After covalent or noncovalent BTK inhibitor and BCL2 inhibitor, is CAR T-cell therapy worthwhile for a low complete response (CR) outcome, or is allogeneic transplant better?

Nitin Jain, MD:
If you use lisocabtagene maraleucel CAR T-cell therapy, which is the only CAR T-cell therapy approved for CLL, the CR rate is approximately 18%. However, the ORR is approximately 43%. When you add a BTK inhibitor together with CAR T-cell therapy, we see improvements in the CR rate (45%) and the ORR (86%).

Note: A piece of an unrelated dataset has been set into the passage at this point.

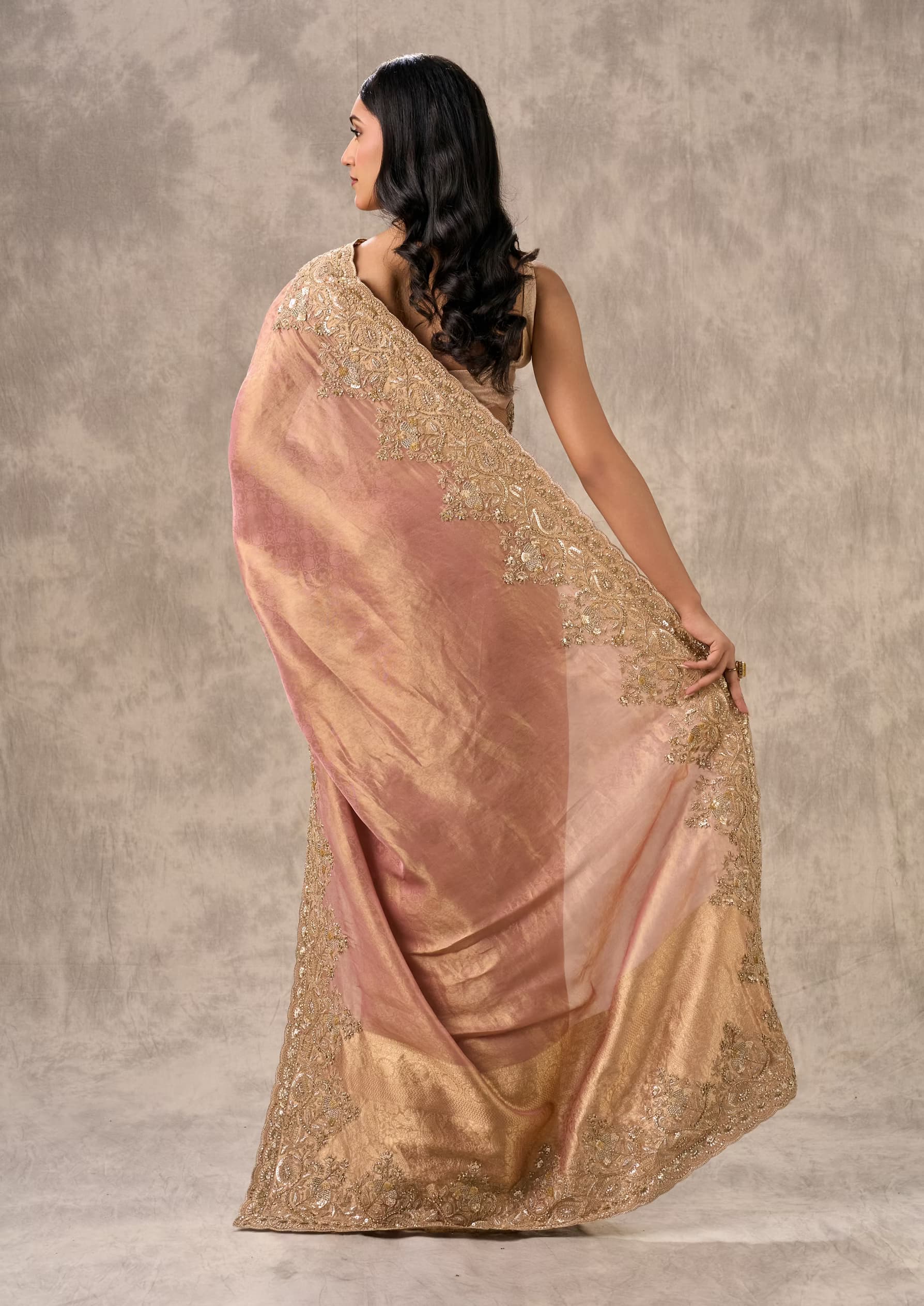 Peach Tissue Zardosi Paisley Embroidered Saree — view 3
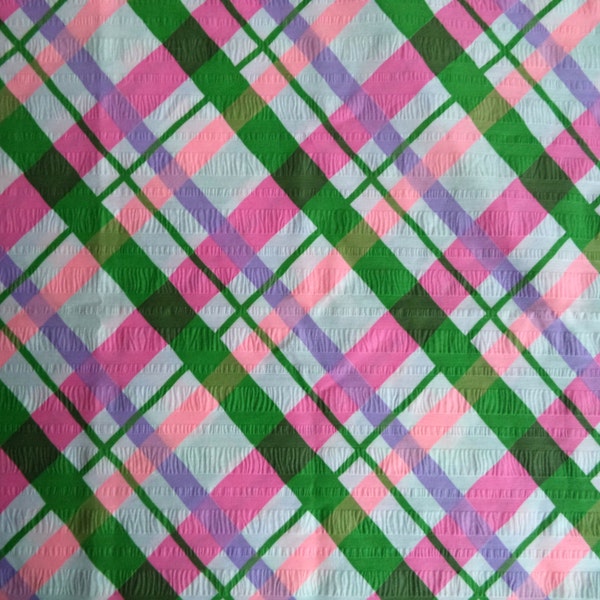 Plaid seer sucker fabric/ vintage seer sucker and plaid print/ pink lavender green white fabric/ 1 yard x 39 1/2" wide/ free shipping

I think both are appropriate options. Allogeneic transplant has a much longer track record. Historically, many more patients have been treated with allogeneic transplant, but it is also associated with more toxicities and graft-vs-host disease. In general, the CLL field is moving away from allogeneic transplant. My personal preference would be to go with CAR T-cell therapy. 

However, if the patient meets transplant requirements for age and comorbidities, then I would recommend having a consult with a transplant physician and identifying a donor. Then you can potentially move forward with the transplant, if that is the patient’s preference or if the CAR T-cell therapy does not work for that patient.

Sameh Gaballa, MD:
I completely agree. I would also note that a trial with a BTK degrader is also a potential option. As Dr Jain noted, the role of allogeneic transplants is really diminishing in CLL with all these other options. When would we consider an allogeneic transplant? I think if a young patient with high-risk disease, del(17p), has been through most of the therapies, including a CAR T-cell, this is a patient for whom you would probably consider an allogeneic transplant. 

Your Thoughts
How will you incorporate these latest clinical trial data into your clinical practice? What questions do you have about managing newly diagnosed patients? Leave a comment for the experts and join the discussion.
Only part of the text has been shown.